:: What is required ::
Please output the following records exactly. Leave every image out.
(Beginning of Dataset extract)
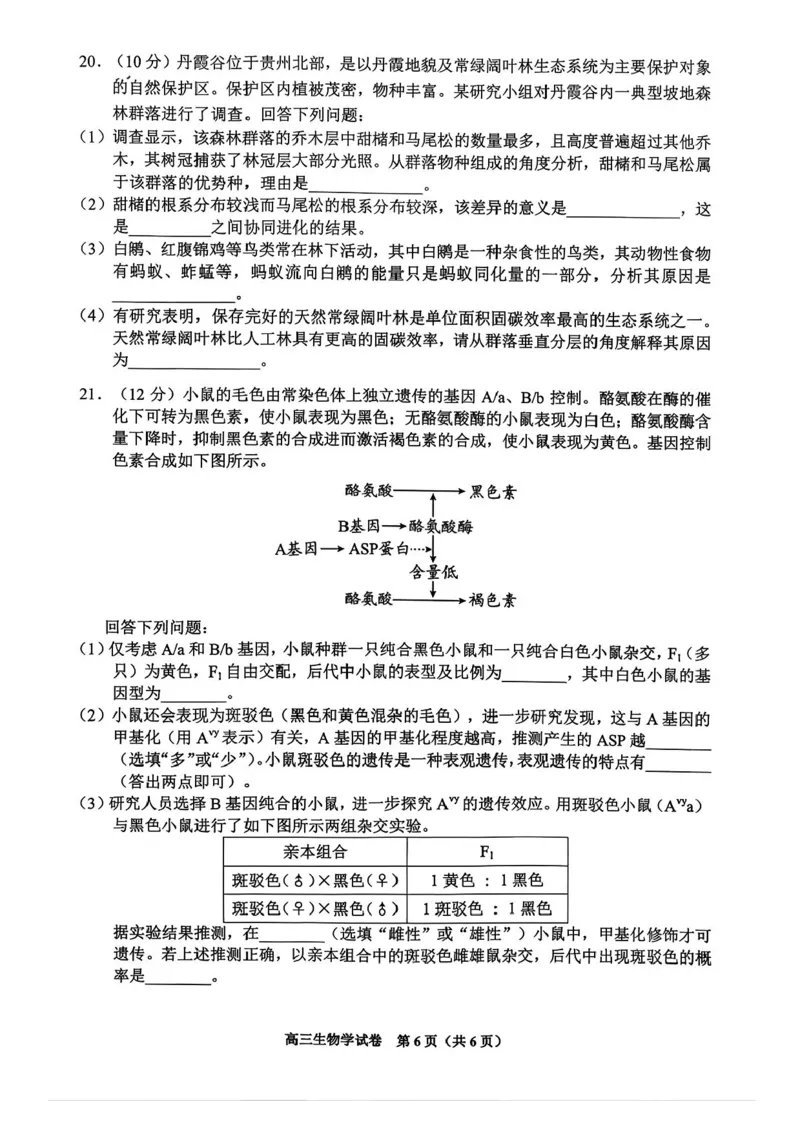 贵州省贵阳市2025-2026学年高三上学期11月质量监测生物试卷（含答案）_2511212026届贵州省贵阳市高三上学期质量监测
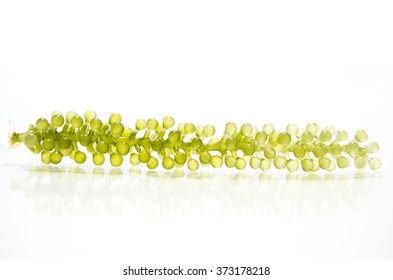 Sea Grapes Green Caviar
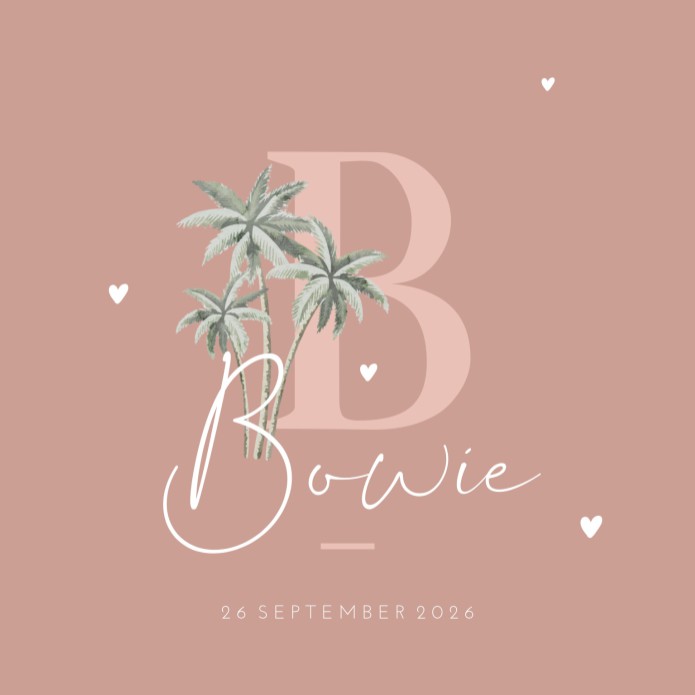 Geboortekaartje initialen unisex roze palm Bowie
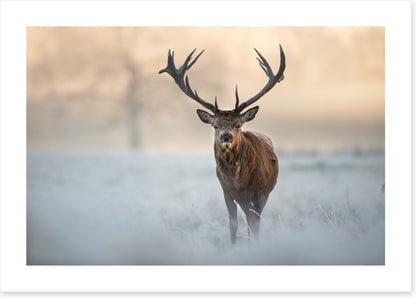Red deer in winter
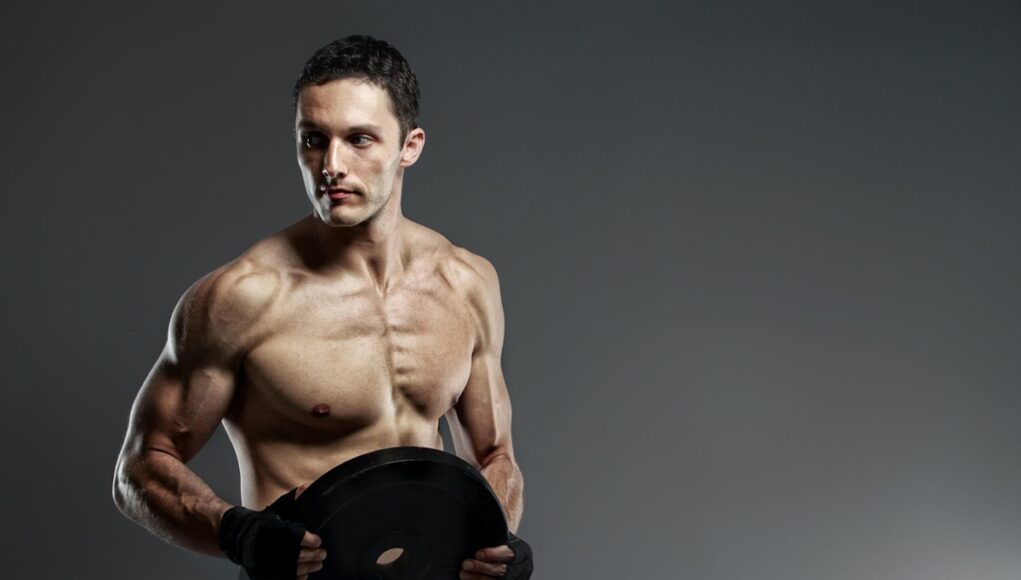 How Fast Can a Newbie Gain Muscle?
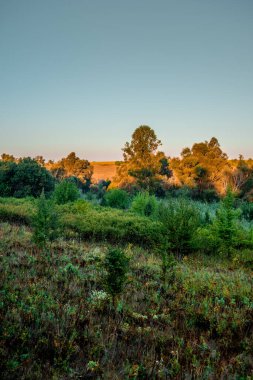 Ormanda bir yaz akşamında gün batımı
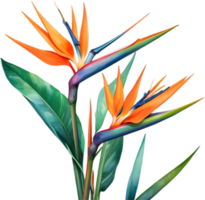 ai généré aquarelle La peinture de grue fleur ,strelitzia reginae. png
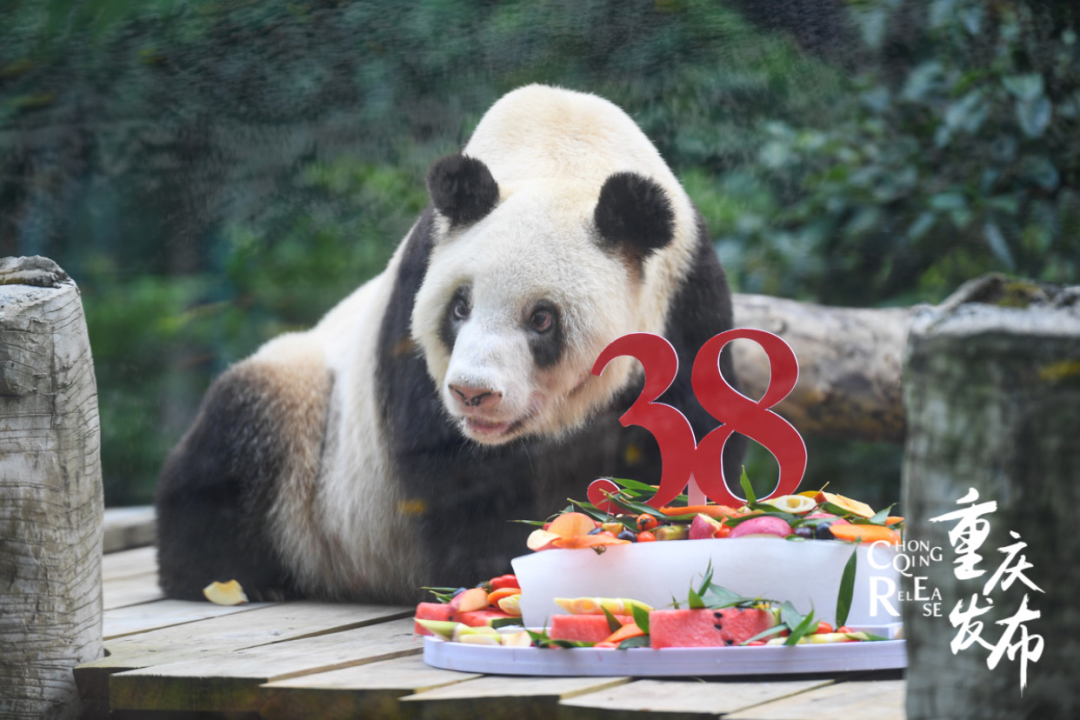 世界上现存年龄最大的圈养大熊猫“新星”迎来38岁生日，相当于人类的140岁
(End of Dataset extract)
:: Written response ::
 贵州省贵阳市2025-2026学年高三上学期11月质量监测生物试卷（含答案）_2511212026届贵州省贵阳市高三上学期质量监测
 Sea Grapes Green Caviar
 Geboortekaartje initialen unisex roze palm Bowie
Red deer in winter
 How Fast Can a Newbie Gain Muscle?
 Ormanda bir yaz akşamında gün batımı
 ai généré aquarelle La peinture de grue fleur ,strelitzia reginae. png
 世界上现存年龄最大的圈养大熊猫“新星”迎来38岁生日，相当于人类的140岁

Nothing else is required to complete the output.